6. CONSEQUENCES OF THE AMERICAN WAR.-Earl of Chatham.

This, my Lords, is a perilous and tremendous moment. It is no time for adulation. The smoothness of flattery cannot save us, in this rugged and awful crisis. It is now necessary to instruct the throne, in the language of Truth. We must, if possible, dispel the delusion and darkness which envelop it, and display, in its full danger and genuine colors, the ruin which is brought to our doors. Can minis

ters still presume to expect support in their infatuation? Can Parliament be so dead to its dignity and duty as to be thus deluded into the loss of the one, and the violation of the other, as to give an unlimited support to measures which have heaped disgrace and misfortune upon us; measures which have reduced this late flourishing empire to ruin and contempt?

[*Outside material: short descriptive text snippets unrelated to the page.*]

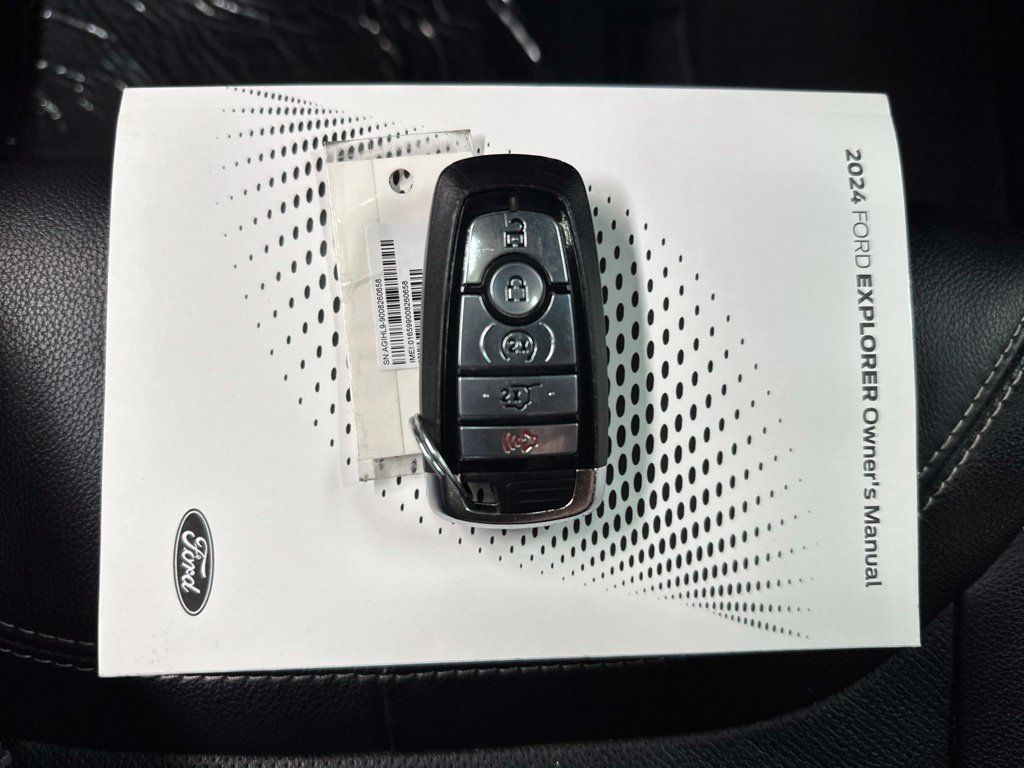 Used 2024 Ford Explorer ST w/ Equipment Group 401A AWD/4WD image 40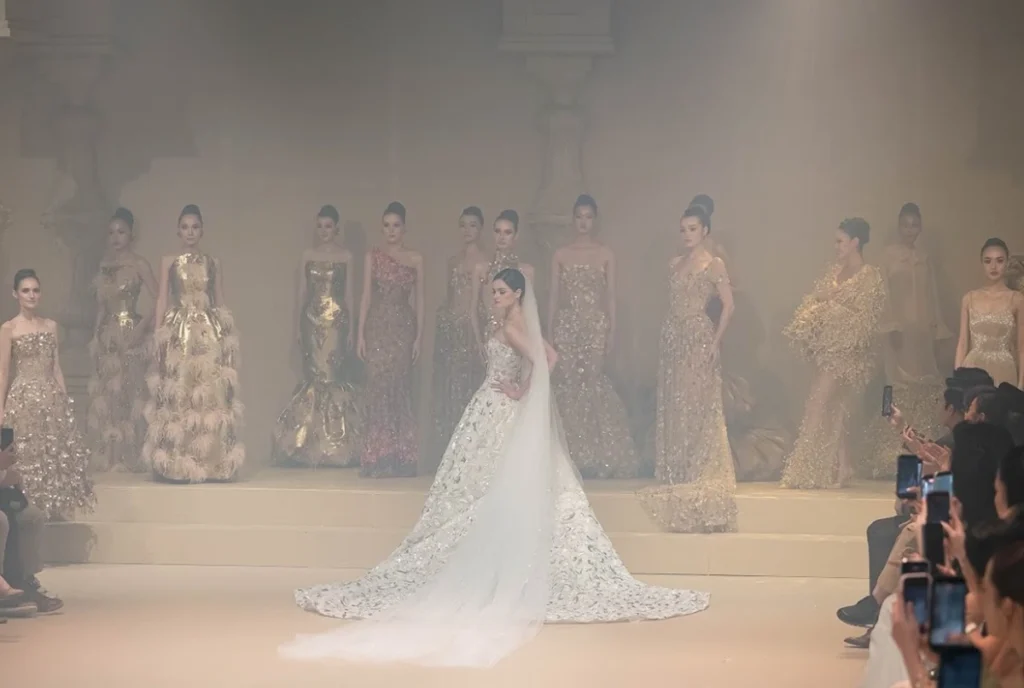 Kreasi Yogie Pratama di The Langham Fashion Soirée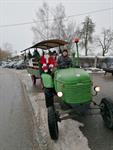 Eine Gruppe von Menschen, die auf einem grünen Traktor fahren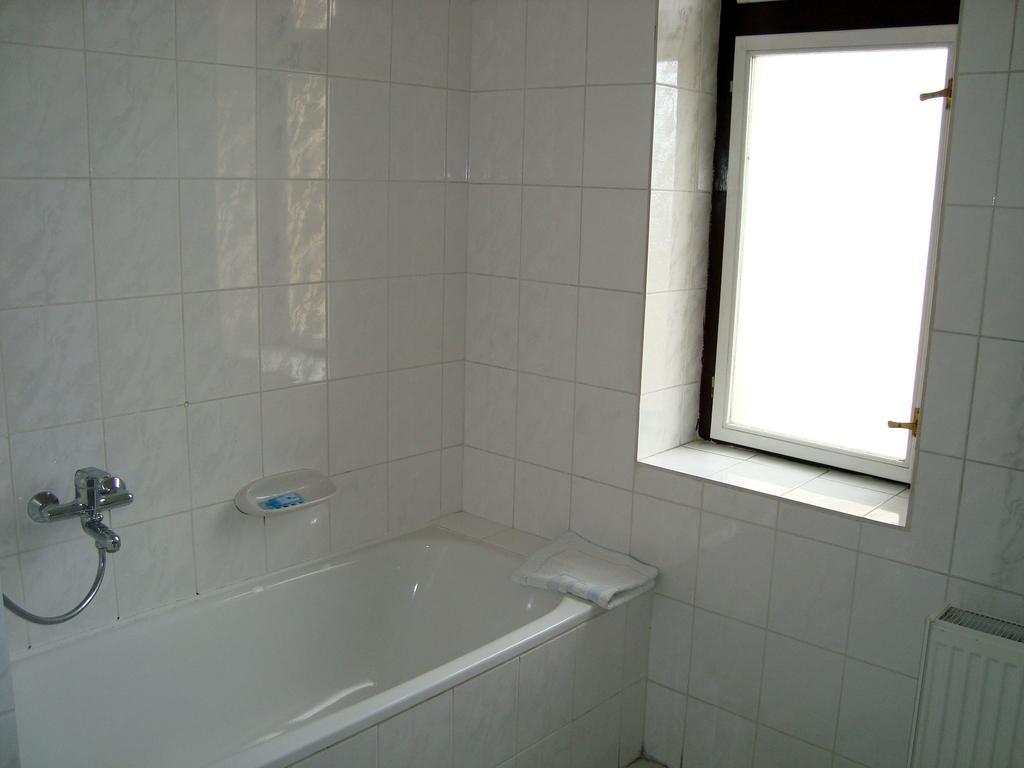 Hotel Jaro Melnik Phòng bức ảnh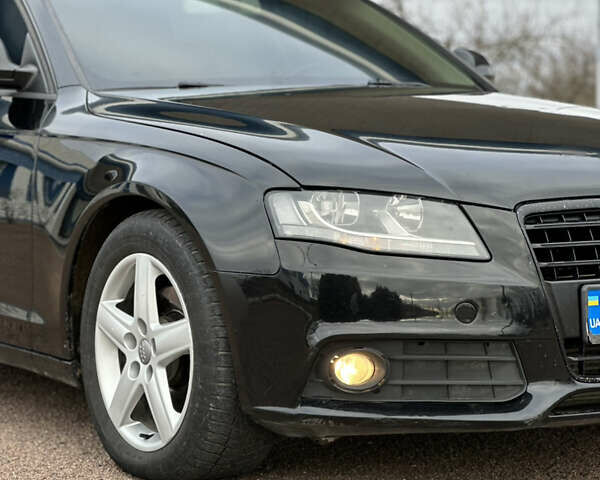 Черный Ауди А4, объемом двигателя 1.97 л и пробегом 324 тыс. км за 7800 $, фото 4 на Automoto.ua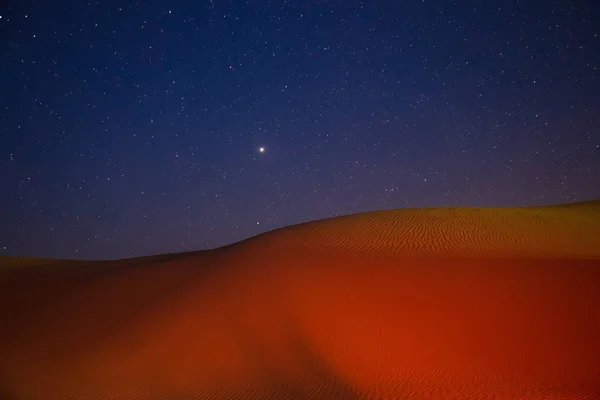 Barkhan dune, noite estrelada no deserto do Cazaquistão — Fotografia de Stock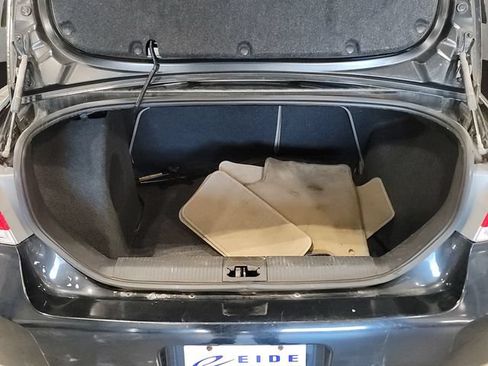 Used 2010 Ford Focus SE FWD image 19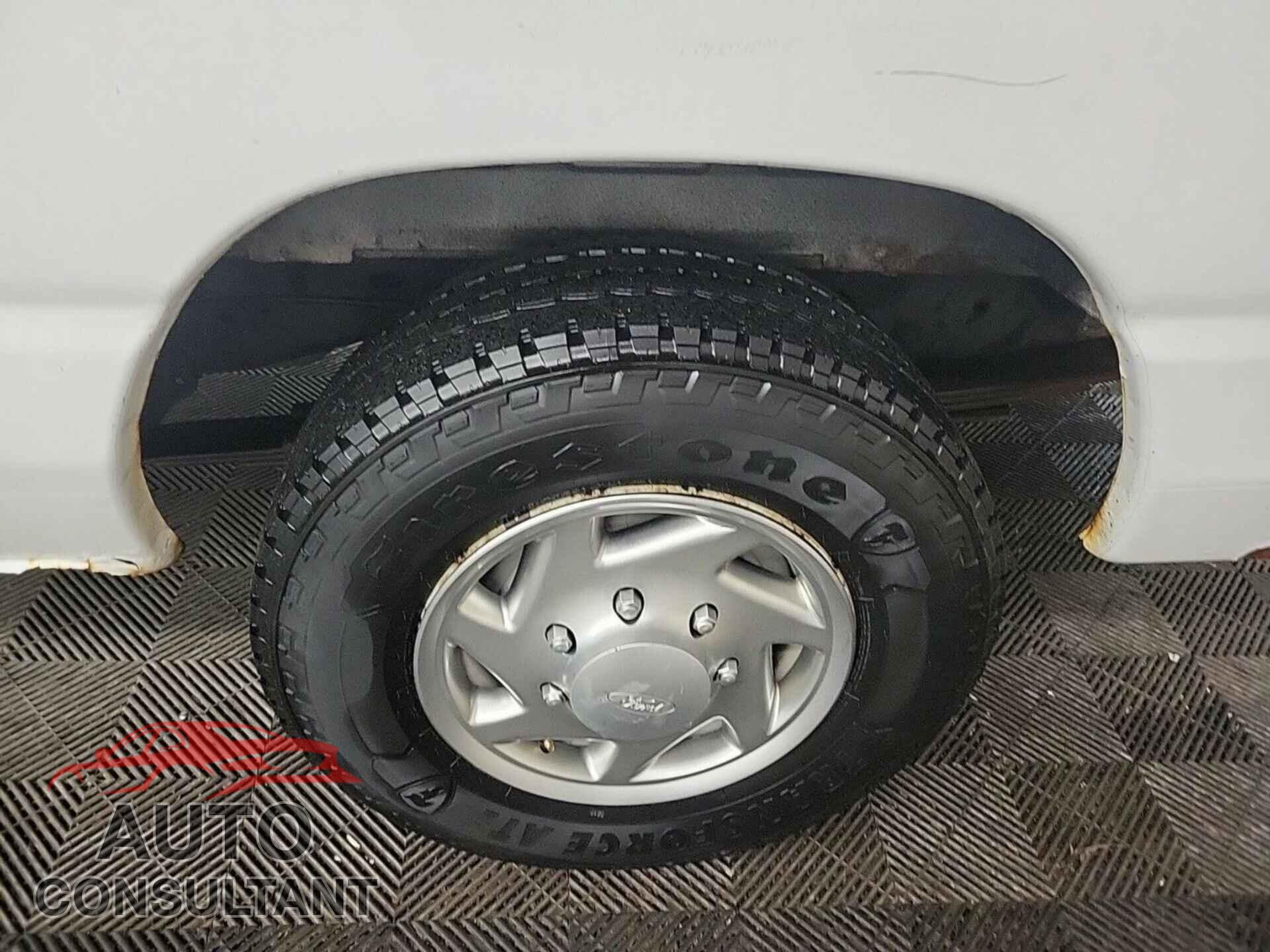 FORD ECONOLINE 2010 - 1FTNE2EL1ADA10357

But yesterday, and England might have stood against the world: now, none so poor as to do her reverence! France, my Lords, has insulted you. She has encouraged and sustained America; and, whether America be wrong or right, the dignity of this country ought to spurn at the officious insult of French interference. Can even our ministers sustain a more humiliating disgrace? Do they dare to resent it? Do they presume even to hint a vindication of their honor, and the dignity of the state, by requiring the dismissal of the plenipotentiaries of America? The people, whom they affected to call contemptible rebels, but whose growing power has at last obtained the name of enemies, the people with whom they have engaged this country in war, and against whom they now command our implicit support in every measure of desperate hostility,— this people, despised as rebels, or acknowledged as enemies, are abetted against you, supplied with every military store, their interests consulted, and their ambassadors entertained, by your inveterate enemy, and our ministers dare not interpose with dignity or effect!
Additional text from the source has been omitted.